First off, my husband and I would swap drinks - I'd take over the emptier one. Then I held the same glass of increasingly warm white wine and took a miniscule sip when socially required (e.g. a toast) for about 6 hours and nobody noticed.

Drunk people are easy to fool, just keep moving about and no one will think anything of it.

luckylavender · 03/06/2025 10:40

MsPug · 03/06/2025 09:26

My sil announced her pregnancy at my dds birthday party and it was all anyone talked about the whole afternoon. I've never forgiven her 🤣🤣

That’s so precious

Summersun9 · 03/06/2025 10:41

I never announced a pregnancy before 12 weeks. I'd wait until after the wedding so as not to have everyone talking about it on the day. As far as not drinking is concerned you could say you are on antibiotics for a uti but absolutely fine now. I did that once at a function when I was only 6 weeks & not ready to annouce it.

bluesinthenight · 03/06/2025 10:41

Wait until after. No-one is going to notice that you're not drinking. And if they do just say that you've been on antibiotics for an infection.

DustlandFairytaleBeginning · 03/06/2025 10:43

I sat next to my best friend at a wedding and she was just having water all night and I never even thought anything of it until the pregnancy announcement came and I looked back.

It's only weird if you draw attention to it. I very much doubt anyone would say anything. If they did I wouldn't use the antibiotic thing, I'd just say I have a slight headache, don't want to make it worse.

ISpyNoPlumPie · 03/06/2025 10:44

MummoMa · 03/06/2025 10:29

I have to agree that it's not appropriate to deliver a big announcement like that at someone else's event.
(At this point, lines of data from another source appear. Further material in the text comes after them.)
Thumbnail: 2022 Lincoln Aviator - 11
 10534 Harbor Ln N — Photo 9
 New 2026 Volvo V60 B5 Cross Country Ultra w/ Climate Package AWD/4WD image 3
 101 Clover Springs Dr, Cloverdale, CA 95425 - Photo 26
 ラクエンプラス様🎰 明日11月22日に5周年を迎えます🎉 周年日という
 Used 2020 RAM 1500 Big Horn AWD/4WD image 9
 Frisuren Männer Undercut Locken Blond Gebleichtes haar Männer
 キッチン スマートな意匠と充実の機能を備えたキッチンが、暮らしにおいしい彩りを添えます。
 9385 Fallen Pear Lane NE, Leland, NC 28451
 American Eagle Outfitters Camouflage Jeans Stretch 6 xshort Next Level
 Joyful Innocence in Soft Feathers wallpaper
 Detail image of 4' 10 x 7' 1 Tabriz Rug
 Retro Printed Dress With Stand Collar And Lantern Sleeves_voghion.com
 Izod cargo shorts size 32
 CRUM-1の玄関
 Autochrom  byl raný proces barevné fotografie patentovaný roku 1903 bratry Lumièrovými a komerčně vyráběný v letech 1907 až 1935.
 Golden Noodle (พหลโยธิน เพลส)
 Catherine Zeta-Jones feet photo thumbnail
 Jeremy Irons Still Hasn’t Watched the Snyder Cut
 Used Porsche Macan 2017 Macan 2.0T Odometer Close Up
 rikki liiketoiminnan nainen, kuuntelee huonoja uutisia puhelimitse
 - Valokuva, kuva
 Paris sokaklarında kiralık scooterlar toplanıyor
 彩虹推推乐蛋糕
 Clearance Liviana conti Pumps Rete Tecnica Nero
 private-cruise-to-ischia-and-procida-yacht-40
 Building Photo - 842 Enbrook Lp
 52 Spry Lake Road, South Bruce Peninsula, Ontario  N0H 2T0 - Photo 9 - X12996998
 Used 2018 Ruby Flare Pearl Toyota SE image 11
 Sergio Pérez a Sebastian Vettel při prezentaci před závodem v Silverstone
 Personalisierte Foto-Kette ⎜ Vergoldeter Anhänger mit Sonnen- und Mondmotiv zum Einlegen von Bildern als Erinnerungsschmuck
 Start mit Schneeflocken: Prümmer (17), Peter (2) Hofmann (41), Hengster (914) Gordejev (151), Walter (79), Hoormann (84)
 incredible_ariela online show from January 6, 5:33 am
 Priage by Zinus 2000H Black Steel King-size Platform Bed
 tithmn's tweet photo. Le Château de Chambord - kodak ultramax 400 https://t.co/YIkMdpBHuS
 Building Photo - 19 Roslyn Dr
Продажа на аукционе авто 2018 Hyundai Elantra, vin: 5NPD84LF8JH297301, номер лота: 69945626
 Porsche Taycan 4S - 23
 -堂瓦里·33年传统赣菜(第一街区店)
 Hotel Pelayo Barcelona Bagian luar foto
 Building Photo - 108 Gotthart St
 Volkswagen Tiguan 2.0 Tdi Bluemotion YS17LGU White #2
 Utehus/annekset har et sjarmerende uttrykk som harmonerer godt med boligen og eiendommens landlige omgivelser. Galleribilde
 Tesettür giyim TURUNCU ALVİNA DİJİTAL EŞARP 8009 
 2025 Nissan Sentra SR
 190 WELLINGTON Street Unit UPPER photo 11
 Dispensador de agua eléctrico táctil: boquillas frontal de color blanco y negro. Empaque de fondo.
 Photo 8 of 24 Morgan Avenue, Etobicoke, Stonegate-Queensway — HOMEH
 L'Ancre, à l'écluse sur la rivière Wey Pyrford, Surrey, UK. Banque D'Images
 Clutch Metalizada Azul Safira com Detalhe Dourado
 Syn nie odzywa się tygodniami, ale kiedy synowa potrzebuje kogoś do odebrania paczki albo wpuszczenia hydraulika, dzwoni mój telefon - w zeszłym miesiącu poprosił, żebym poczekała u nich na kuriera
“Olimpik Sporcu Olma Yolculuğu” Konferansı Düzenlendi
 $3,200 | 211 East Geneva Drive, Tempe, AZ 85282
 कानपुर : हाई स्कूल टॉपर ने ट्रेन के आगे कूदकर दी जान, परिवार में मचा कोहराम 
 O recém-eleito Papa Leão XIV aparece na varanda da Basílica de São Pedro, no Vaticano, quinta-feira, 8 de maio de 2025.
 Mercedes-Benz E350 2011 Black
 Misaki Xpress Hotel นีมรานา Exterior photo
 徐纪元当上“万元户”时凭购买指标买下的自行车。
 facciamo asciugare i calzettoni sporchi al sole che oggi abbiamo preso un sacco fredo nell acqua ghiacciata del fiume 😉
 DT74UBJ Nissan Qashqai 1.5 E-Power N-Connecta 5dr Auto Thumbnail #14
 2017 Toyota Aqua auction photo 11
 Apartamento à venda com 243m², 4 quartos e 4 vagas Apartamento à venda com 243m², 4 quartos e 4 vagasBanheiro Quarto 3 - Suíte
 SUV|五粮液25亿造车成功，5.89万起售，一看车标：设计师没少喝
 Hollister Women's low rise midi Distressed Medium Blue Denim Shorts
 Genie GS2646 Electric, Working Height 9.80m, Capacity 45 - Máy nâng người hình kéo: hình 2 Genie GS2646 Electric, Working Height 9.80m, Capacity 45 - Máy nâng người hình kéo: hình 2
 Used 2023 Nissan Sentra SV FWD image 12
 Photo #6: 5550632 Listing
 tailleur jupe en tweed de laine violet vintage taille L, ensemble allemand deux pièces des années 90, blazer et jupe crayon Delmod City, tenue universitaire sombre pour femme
However, just mentioning it to family around the same time, I don't see the issue. It's almost like people in some families only have the mental capacity to process one event at a time.

That wouldn’t have bothered me, and of course they wouldn’t need to ask to tell whoever they like! Saying that, if I were in the same situation, I would wait till after someone else’s wedding. I don’t know if it really matters, and I don’t think I’m precious but appreciating all the time, effort, and money that goes into a wedding, I wouldn’t want the bride or groom to feel aggrieved. It’s a funny thing isn’t it? The concept of someone’s “special day” and the limelight being on them? Like I said, I don’t think it really matters but I wouldn’t do that to someone else.